Playing Debra, which requires Keiper to get cornrows put in her hair every Thursday during the show’s run, is a departure from her usual genre of musical theater.

“I think there was not hesitation but interest in how I would handle a scene rather than a song,” Keiper said of the audition process. “It’s been excellent and really hard. It just feels totally different. The energy of a straight play has to be kept up in a different way than a musical since it’s not the same kind of heightened world. There is more a base kind of level that doesn’t change the fact that the energy has to keep going.
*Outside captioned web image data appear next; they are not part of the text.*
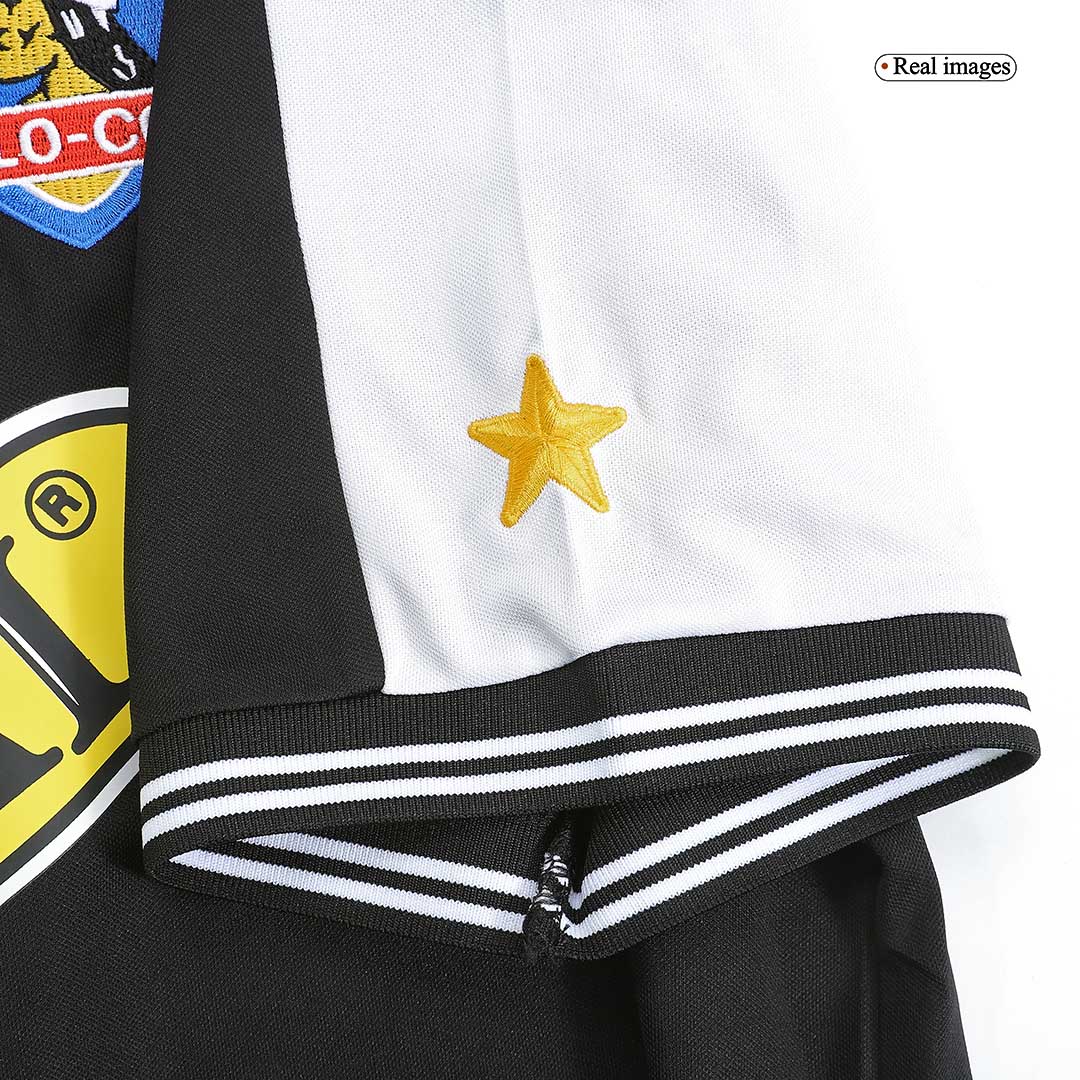 Colo Colo Retro Soccer Jersey Away 2000
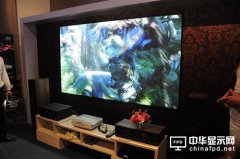 4K产品出现 激光电视阵营再掀新波澜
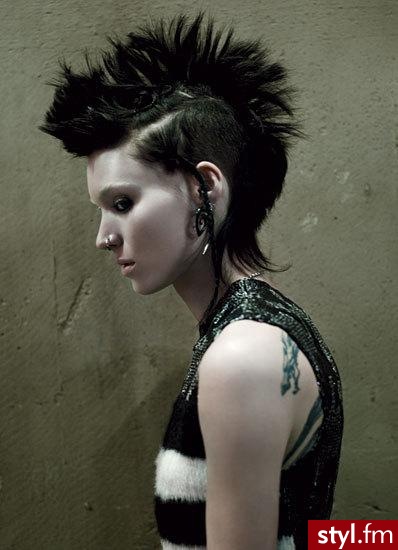 Punk Rock Alternatywne Krótkie Fryzury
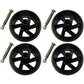 092265 Qty 4: Spoked Deck Wheel Kit Fits Universal Products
“It’s been interesting to explore how to find this energy.”

Opening Sept. 8, shows run mainly Thursdays to Sundays until Oct. 2. Initial review has been positive, the actress said, although many audience members have very different experiences.

“I’ve heard experiences varying from laughing the entire show or just crying all the time,” she said. “Either way it’s a wild ride.”

Keiper left Fairfax, Va. after high school to pursue a degree at University of the Arts, but much of her training began before she set foot in Philadelphia.

“My dad was an actor and is now an actor. He and I were doing monologues in the living room when I was about 5,” Keiper said of her father, Robert. “He always says he would never push it. He’d just be telling stories about his and I’d get up and say I wanted to do it with him.”

The first time Keiper stepped onto the stage in seventh grade she was in good company.

“We did a community theater show together — me and my dad,” Keiper said. “I had three lines and my dad was the star of the show. I ran on and ran off with him.”

Upon graduating high school, Keiper, who had not had any vocal training despite singing often, decided formal undergraduate schooling was the best decision.

“When I got to University of the Arts, I felt so far behind everyone else. I had a range of maybe four notes and didn’t know what I wanted to do to make that better,” she said. “But with the personal attention you get there, I was able to expand my range quite a bit, and now my range is enormous.

“It was really a struggle to get there to here, and I’m so proud I was able to and continue to do it.”

Following graduation, Keiper spent a short stint in New York, but found work in Philadelphia time and time again, and eventually decided she was most comfortable in the local scene. Since then, she has won a Barrymore Award for her work with 11th Hour Theatre Co.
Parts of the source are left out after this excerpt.